● **Exercise objective**: Among the lines below, restate word for word only those from the line with "Niedliches Pferd und" through the line with "50PCS Classic Japanese", with both end lines kept.

● **Material for the task**:
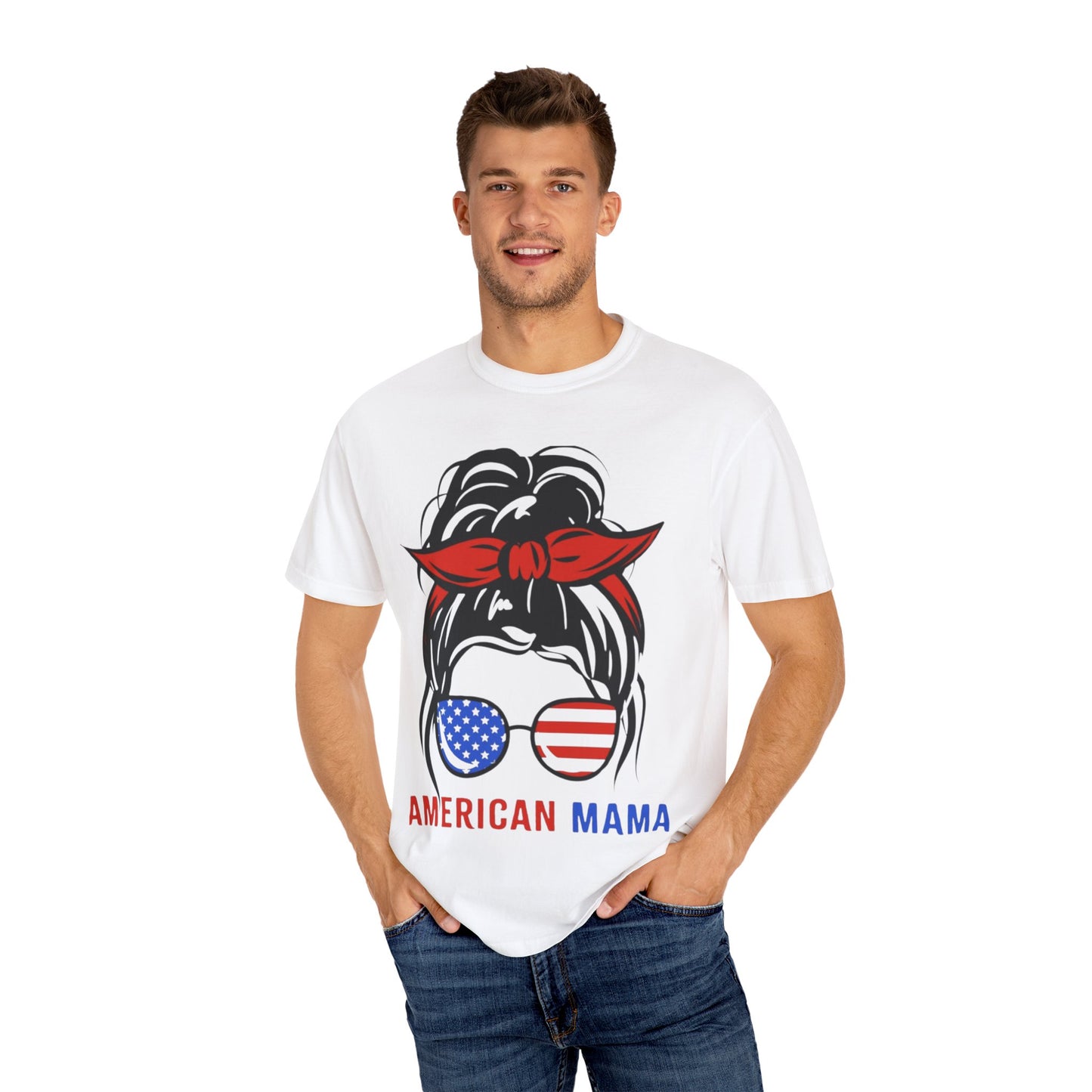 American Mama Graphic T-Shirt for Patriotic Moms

* * *

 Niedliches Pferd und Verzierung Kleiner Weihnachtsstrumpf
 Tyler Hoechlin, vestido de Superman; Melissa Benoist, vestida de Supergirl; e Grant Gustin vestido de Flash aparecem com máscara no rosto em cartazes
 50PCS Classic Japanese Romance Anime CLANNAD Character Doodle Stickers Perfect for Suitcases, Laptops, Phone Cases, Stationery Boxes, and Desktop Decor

● **Solution below**:
 Niedliches Pferd und Verzierung Kleiner Weihnachtsstrumpf
 Tyler Hoechlin, vestido de Superman; Melissa Benoist, vestida de Supergirl; e Grant Gustin vestido de Flash aparecem com máscara no rosto em cartazes
 50PCS Classic Japanese Romance Anime CLANNAD Character Doodle Stickers Perfect for Suitcases, Laptops, Phone Cases, Stationery Boxes, and Desktop Decor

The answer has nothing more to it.